Saturday, October 27, 2018

Historic Sites Face Risk from Rising Seas

Venice has been at hazard from rising seas for years.  But so now are almost all historic sites near Mediterranean coasts, a survey finds.

Some of the planet’s most historic sites could by 2100 face damage or outright destruction in a warming world.  Scientists who surveyed 49 World Heritage Sites in the Mediterranean report that 47 of them are at some degree of risk from future sea level rise.

As ever-higher levels of carbon dioxide enter the atmosphere to warm the planet, so global sea levels creep ever higher.  And this constant threat of attrition by ever-higher tides and storm surges poses an ever-higher risk to a suite of cities, sites, and ruins declared by UNESCO, the UN Educational, Scientific and Cultural Organisation, to be of global importance, and in need of careful preservation.

The locations most at risk include the city of Venice, the medieval city of Rhodes, the old city of Dubrovnik, and the ruins of Carthage in Tunisia.

The researchers considered the hazard of what is now a once-in-a-century storm surge occurring, as the seas rise by almost 1.5 meters by 2100.  By then, they found, storm surges that now occur once a century could be happening several times every year.

“Many of these heritage sites will slowly disappear with sea level rise, even though these sites are important parts of human history”

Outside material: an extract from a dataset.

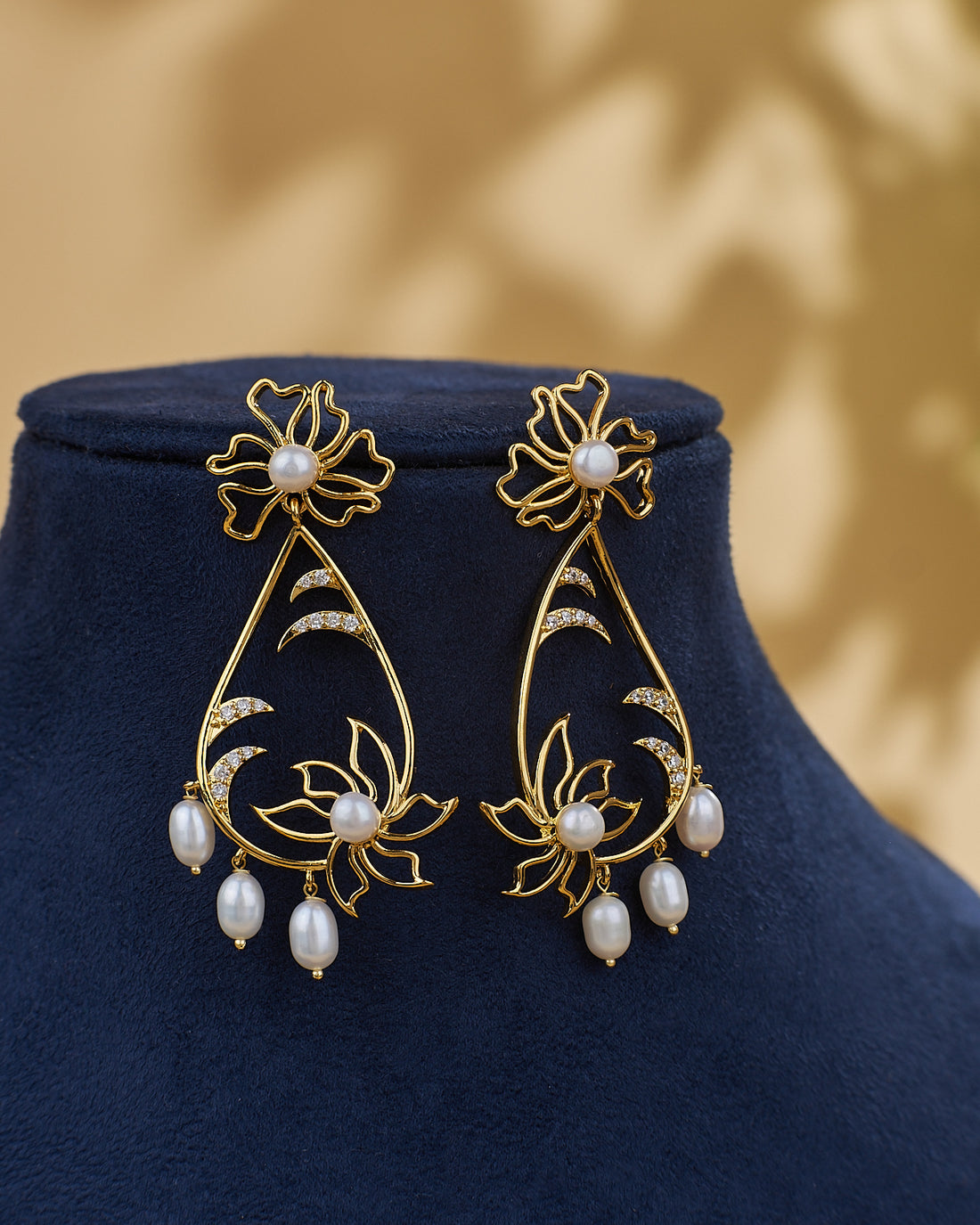 Floral Teardrop CZ Pearl Danglers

Increasingly, coastal flooding and erosion could damage, deface or completely obliterate landmarks that played a pivotal role in world history.  All the sites have important intangible value as icons of civilization; many of them are popular tourist destinations, and their disappearance could only mean huge economic losses as well.

Such studies are launched to alert governments, civic authorities, and communities to the need for action.  Venice, in particular, has been a subject of national and international concern for decades.  The surprise in the latest research, in the journal Nature Communications, is that of the 49 sites investigated, 37 are vulnerable to storm surge, 42 to coastal erosion − and many of them to both.